"You jacked off to Apocalypse Now?"
"Well, I was at a loss for porn."
"Hey, the movie has Playboy bunnies in it."
"True, but the Playboy bunnies are there FOR DRAMATIC EFFECT, not so you can get in touch with your own jizz! Oh man…"
I love my roommate.
One week of summer school left. I have now been in school for a whole year. Add the 2001-2002 school year and come next June, I will have been in school for 21 consecutive months. I would take a long vacation if only I knew how to have fun.
Everybody I know went home for the summer to have fun. I, on the other hand, stayed in Los Angeles to continue my education and because of summer school, I've had very little human interaction in the past three months. If you discount my superficial banter with co-workers, tour groups, and roommates, I basically just spent a fourth of the year as a pathetic loner. Now, anti-social behavior is not something foreign to me, but the large number of strangers I have befriended this summer on AIM is a testament to the void of physical people in my life. Oh well. Such is the sacrifice one must make for GE requirements.
I saw The Musketeer. It was laughably bad. The dialogue makes an episode of Blue's Clues seem ingenious in comparison. Plus, the hyped fight choreography was lost amidst director Peter Hyams' overuse of close-up shots. The ladder match at the end of the movie was cool though. I like ladders.
Why is it that whenever Hollywood makes a movie set in Europe, the actors handle accents by either employing a ridiculous variation of a British accent or simply not bothering with an accent at all? Isn't it an actor's job to be convincing in any role, hence the title "actor"? I don't wanna pay $9 to see a pre-taped high school drama production.

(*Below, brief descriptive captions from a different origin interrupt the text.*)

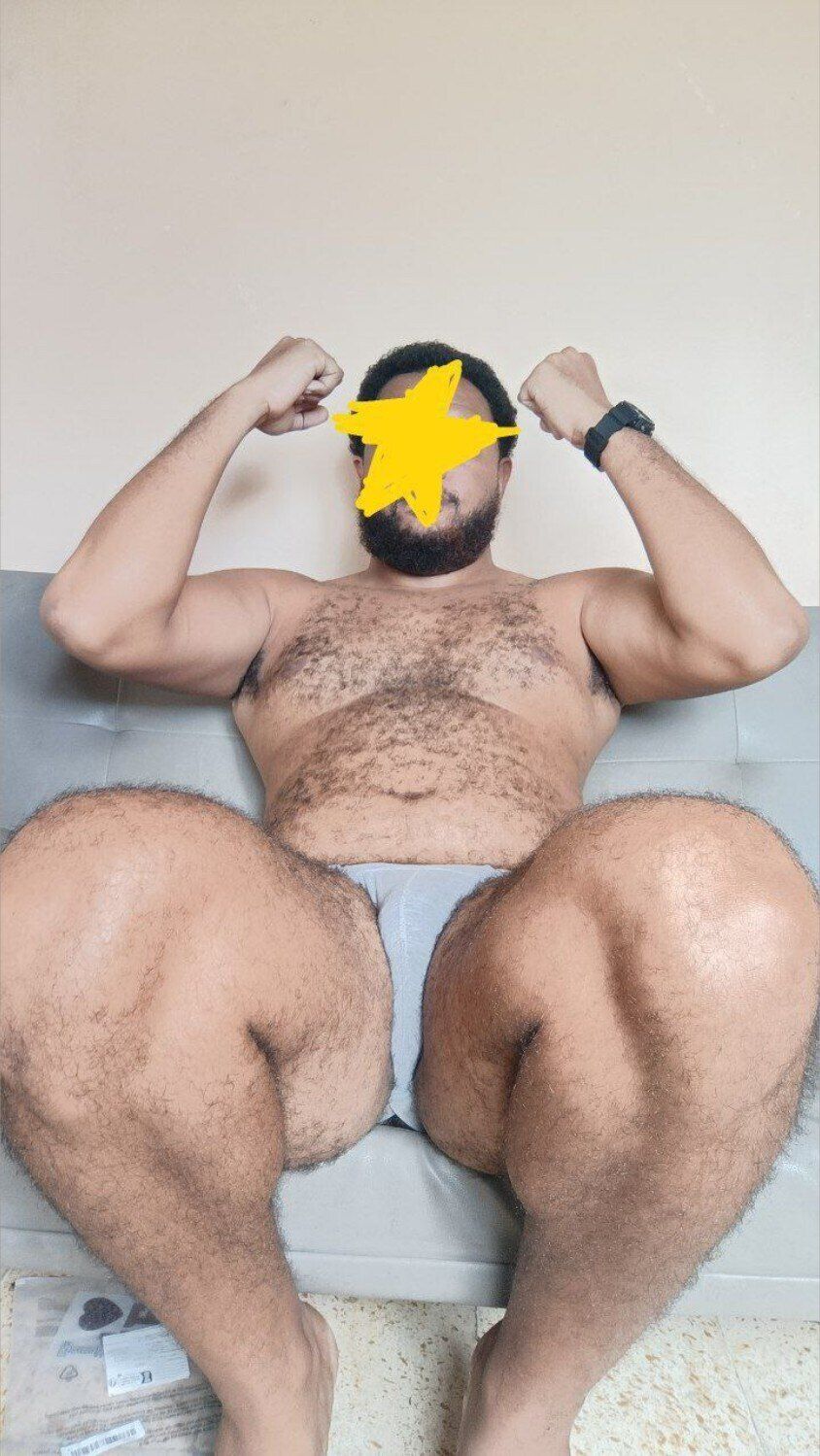 faustoxx OnlyFans profile picture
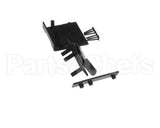 PK57003 Cambro Latch Assembly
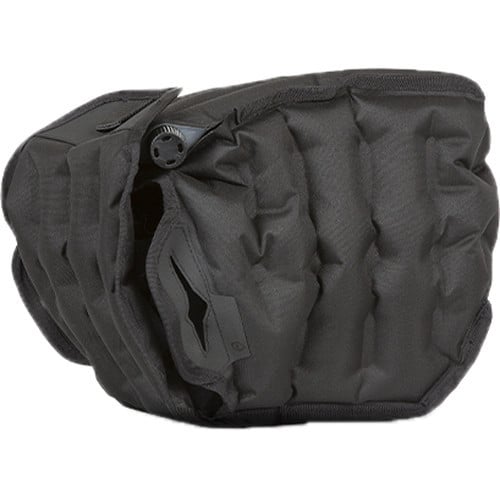 WANDRD Inflatable Camera Cube-0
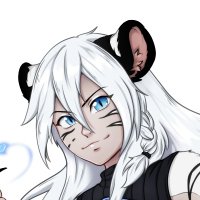 Sai (@sai_rescue) 's Twitter Profile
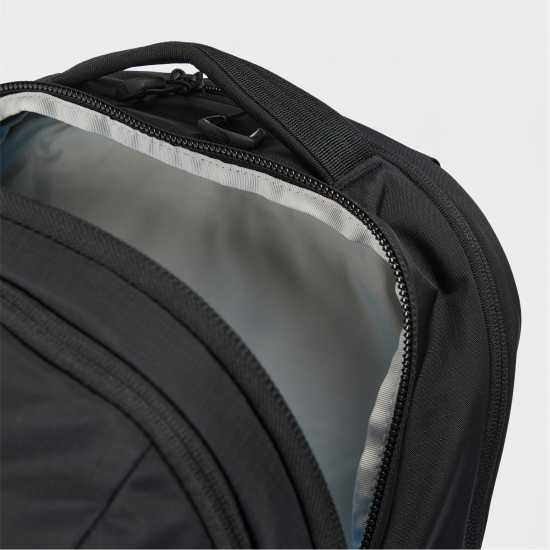 Men's Borealis Backpack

Bob Dylan's new record Love And Theft received five stars in Rolling Stone, an honor usually reserved for dead people's records. Five stars! A perfect score! Then again, lame-O Rob Sheffield reviewed it. This is the same guy who gave Blink-182's Take Off Your Pants And Jacket four stars. In general though, the buzz surrounding Love And Theft is very positive, enough to make me wanna buy the record this Tuesday and attend his concert at the Staples Center in October. Whoo!
As a WWF Raw Is War commentator, Paul Heyman bests most stand-up comedians in the one-liner category:
"They (wrestler Christian's parents) had nine months, and the best name they could come up with was Christian? That would be like my Mom and Dad calling me 'Jew'!"
"Just because you are paranoid doesn't mean that the whole world is not against you."
"All these Canadians on the show tonight. I hate foreigners!"
UC Berkeley's marching band repertoire this year features Weezer music. Yes, Weezer. I don't know what to think when the saviors of rock and roll become instrumental fodder. I have a love-hate relationship with that school.